Clearwire has said it will integrate Huawei technology as part of its high-speed wireless network upgrade, due to begin construction in 2013.
According to Reuters, the upgrade has the U.S government's "blessing", in spite of a recent U.S. House Intelligence Committee report warning U.S. companies to steer clear of Chinese telecoms equipment makers, notably Huawei and ZTE.
The cellular firm said it had reviewed the proposed plans with the "technical arms of multiple agencies" with the view that it has "great respect" for the U.S. government's role in overseeing the country's infrastructure.
But it's not clear which parts of the network will run Huawei technology, or whether the Chinese firm's equipment will be limited to areas that are set apart from data transfer sections.
A Clearwire spokesperson confirmed that there are "no longer any domestic suppliers for radio base station infrastructure equipment," and that "Samsung and Huawei base stations are deployed at the edge of our network, while the 'brains' our core network are being supplied by domestic [U.S.] vendors like Cisco and Ciena."
Sprint, the largest Clearwire shareholder, plans to use the new upgraded high-speed network to boost its own service for Sprint customers.
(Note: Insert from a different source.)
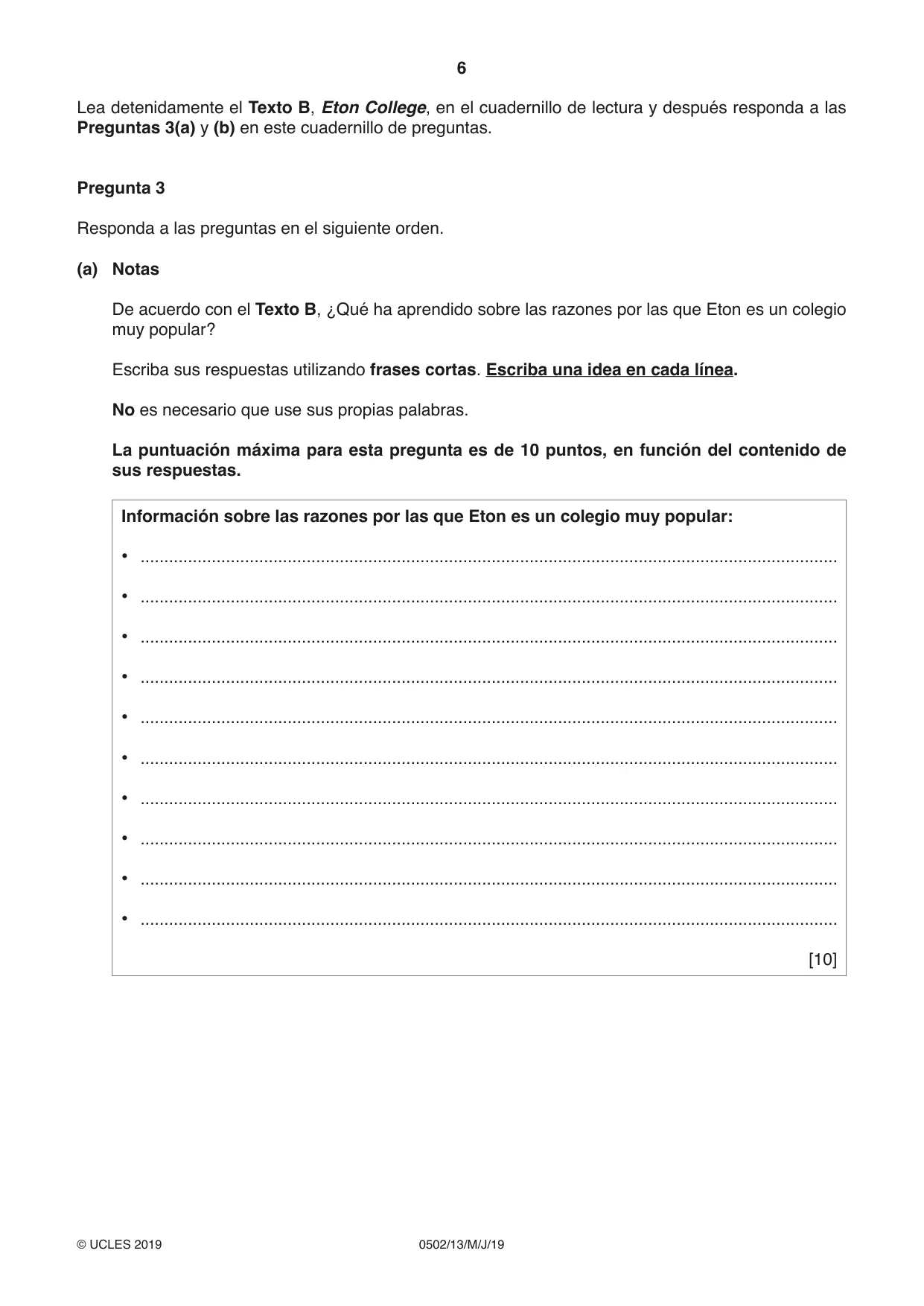 Cambridge IGCSE Spanish - First Language 0502 2019 May/June Paper 1 · Variant 3 question paper, page 6 of 12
Clearwire already uses Huawei technology as part of its critical network, but its technology represents less than 5 percent of the total budget for the upgrade. Clearwire told ZDNet that this figure will be "materially reduc[ed]" in its LTE network.
The firm told Reuters that its cellular hardware partners and telecoms equipment makers must pass "extensive testing" by a third-party firm that is approved to undertake such tasks by the U.S government, as part of vetting efforts to ensure the utmost security of critical network infrastructure.
Clearwire chief technology officer John Saw told ZDNet in a statement: "Out of an overabundance of caution, we are subjecting every LTE base station vendor to a Trusted Delivery Program whereby we require that all of our vendors' base station and software pass extensive testing by a U.S. government-approved third party company recognized for vetting critical infrastructure systems for security weaknesses and threats."
South Korea-based Samsung and U.S.-based Cisco will also play a part in building the network, while Sweden-based Ericsson will maintain the network.
U.S. warning bells
The U.S. House Intelligence Committee warned U.S. companies not to trust Huawei and ZTE for fears that the Chinese government could commit espionage against the U.S. through cyber-hacking or network penetration.
However, Huawei has regularly defended itself against such accusations, and even took to penning a detailed report to claim that the company was not working on behalf of the ruling Chinese Liberation Army.
In spite of the report, much of the onus of proving that Huawei was not spying on the U.S. or would allow a third-party or a state to use its equipment for attacking another country was put on the company itself. The U.S. House may well have elevated suspicion but has yet to fork out any solid evidence. In a nutshell: nothing has yet been proven and hard evidence has yet to be produced by the U.S. government.
However, a subsequent White House report appeared to refute the U.S. House committee's fears. A Reuters report said a review had been carried out and there was "no clear evidence of spying" found by Huawei. That said, the White House denied that any such investigation took place when pressed for comment.
On the other side of the pong, Huawei's chief executive Ren Zhengfei visited Downing Street after the firm pledged to invest $2 billion into the U.K. economy. Despite the friendly handshakes and charming chit-chat between the Huawei chief and the British Prime Minister, only a few weeks later the U.K. parliamentary intelligence and security committee said it would also investigate the firm's relationship with British Telecom, the U.K.'s largest telecoms firm.
The committee's probe comes at a time when Huawei is set up firmly in the country already, and has spent millions on a U.K.-based testing facility where Huawei products can be tested and vetted by the U.K.'s security services.
For the U.S., however, as noted in the recent ZDNet Great Debate, while Huawei has for some time been a "political punching bag," the Chinese telecoms giant can begin to work its way up the U.S. chain by proving itself as a worthy and reliable -- and above all else, secure -- maker of equipment by such contracts with Clearwire, for instance.
Updated at 12:10 p.m. GMT on October 30: with additional material from Clearwire.